I wish I had gone home sooner. Not to collect him from the morgue. But a month before, or even that Friday. On a Thursday, he had messaged me his body was giving up. “Everything hurts” he whispered. “Where?” I asked. He cried: “Everywhere.” And then I cautiously asked: “Do you want me to send the doctor?” And he replied: “I am not ready.”
And now I wonder if he meant he was not ready to die. Not prepared to see the affliction that was his body. The heaviness that took his heart. The doctor was not needed. I should have sent for me. If only I knew it was the end of the line. Because there were days, and months, and years when I could have tended to the aches he had dampened with moonshine. When I could have just broken down the door, the walls that kept him from us. When I, not alcohol, could have kept him company. My brother kept to his own. Preferred to spend days, weeks, months, in his own hermitage. Sometimes, he would visit. I had him with me. At home. But those days were numbered. Like his life was numbered, a blink of an eye. And all I have left are the notes he left in my guest room. His drawings of birds, his musings, his clothes, books, the toys he left in boxes.
What happens when it is too late? Are we ever too late? Because I don’t know a God who hands out time and then retrieves it before second chances. Was 32 years short, his only borrowed time?
I thought I knew grief. My father kicked the bucket when I was 5. A few years ago, I said goodbye to two stepdads and a beloved aunt. But I didn’t know the heart-wrenching pain that comes with a sibling you thought would outlive you, going too soon. He was my little brother, the boy I read bedtime stories to, the 7-year-old I once painted blue so he could be a Smurf for Halloween, and then after life happened, watched over anew, read stories to (so he could wrestle with demons) and then attempted to paint a rose-colored life for. Where are you now? Do we truly make it to someplace beautiful, Smurf heaven, a faraway land, where everything’s bright?
Joan Didion once wrote: Grief, when it comes, is nothing like we expect it to be.”
And when it does come, it unweaves the very fabric of your being. I’ve come undone. Carved-out. Unearthing memories is painful. Going through his things is torturous. Each time, a stab in the heart. I haven’t reread any of his messages. Could not watch a single video. Driving alone in my thoughts is hard. Family gatherings are hard. Fridays are hard.
Today, grief visits and it’s the anguish of regret. Because there were days, now in stark, clear-cut tormenting contrast, when he had silently screamed: I am not ok. And silly me, believing that brothers live forever, whispered back: “It’s ok. Everything is going to be ok.”

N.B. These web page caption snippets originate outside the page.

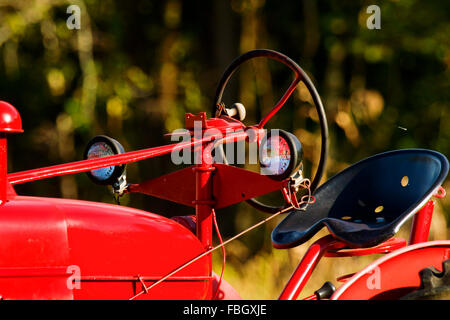 Eine alte rote Traktor mit Fokus auf die Lichter, Lenkrad und Sitz. Stockfoto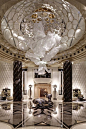 Modern Entryway with Lasvit custom glass installation, Chandelier, simple marble floors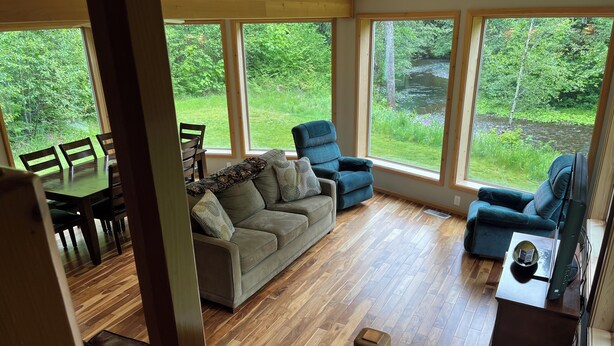 A spacious living area with a wooden floor, a sofa, two armchairs, and a dining table with chairs. Large windows offer a view of a lush garden and a river. - Unique Home in Willard, Wa. 40 acres, 50 feet from Little White Salmon River (Willard)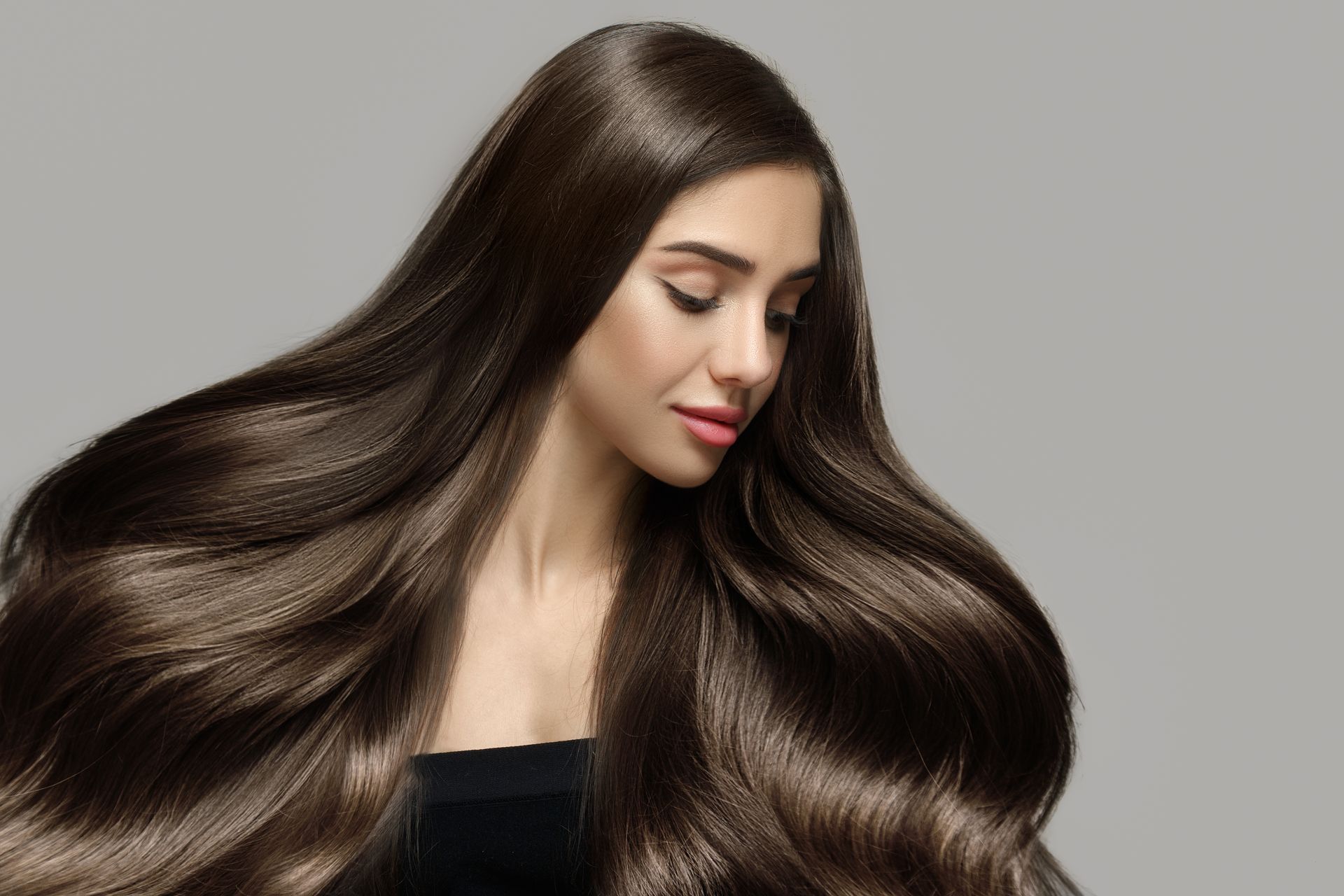 A woman with very long hair is wearing a black top.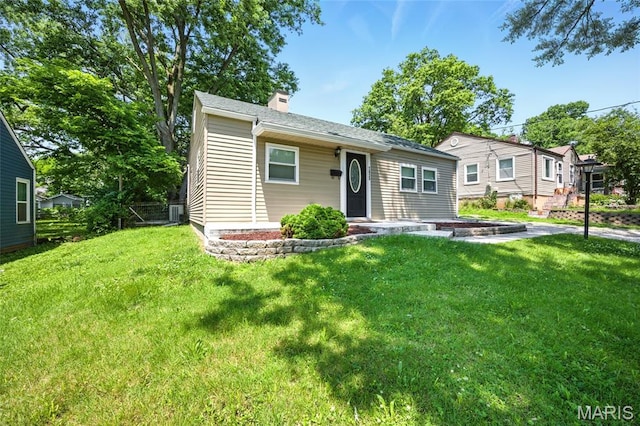 7825 Delmont St, Saint Louis, MO 63123 - view of front of property featuring a chimney, a front lawn, and cooling unit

Until it was not. And the world goes dark. Stripped off rose-colours. Or happy ever after. And all you have are unfinished drawings, unwashed clothes, and unfulfilled dreams. A life unlived. And you find yourself drowning your sorrows, in the same moonshine balm that took his life. That juice of oblivion. And you see his torment. The misery that does not love company. The enforced loneliness that comes from people leaving, gone too soon. And you can now watch his life without wanting him to snap out of it, tame his demons, stop drowning, be ok.

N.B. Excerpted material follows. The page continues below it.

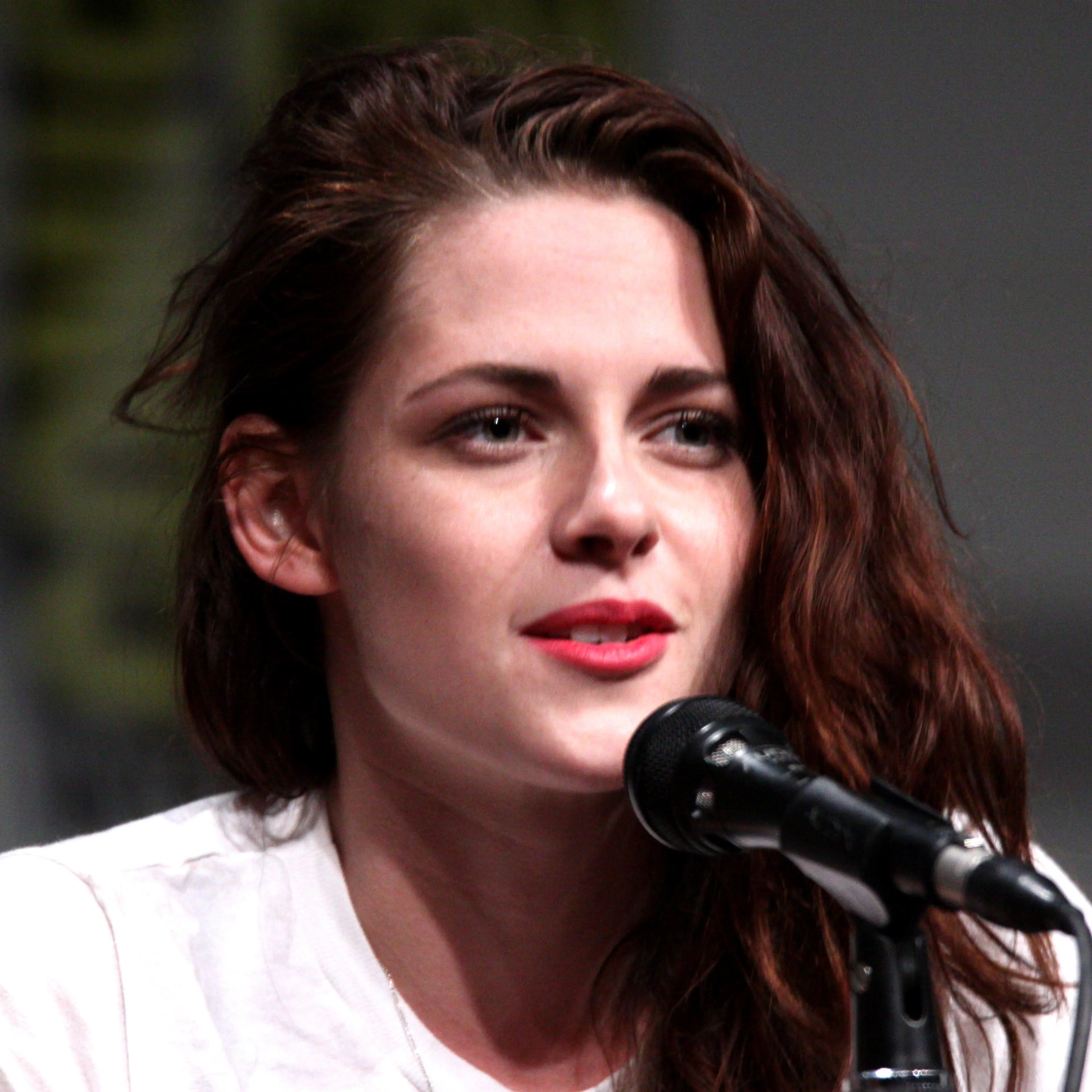Kristen Stewart speaking into a microphone at a 2012 Comic-Con panel.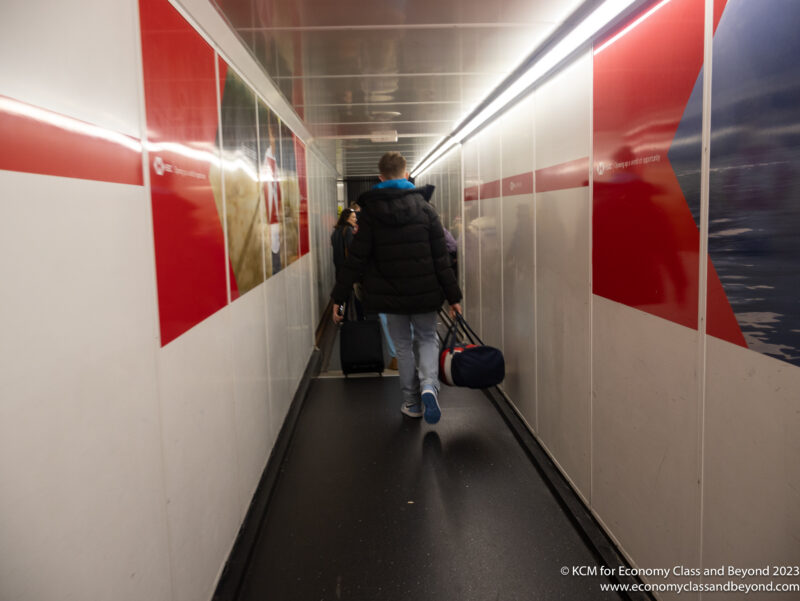 a man walking down a hallway with luggage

I wish I had one more day. One more story. One more dress-up Halloween. One more chance to hand him a rainbow. Two sentences: “Yes, you are not ok. But I love you always.”
A week after he died, I saw him in a dream. He was fully alive. A twinkle in his eye. He beamed at me and said he has finally found a way back to himself. He said he was lost, felt imprisoned in a metal cage. But he has broken free. He said: “I am ok.”
I know they say regrets are wasted. I need be thankful of the 32 years he had with us. Those good, beautiful, and ugly 32 years, that short span of life. I hope when grief has done what it wants with me, that gratitude meets me there. I hope I find myself there one day.
For now, grief visits. Insists on staying.
But love, once arrived, stays forever.
I don’t know where you are now. I only know that I love you. That stays. A happy 1st wherever you are. Smurfland, rose-colored world, bright lights, and all. Salut!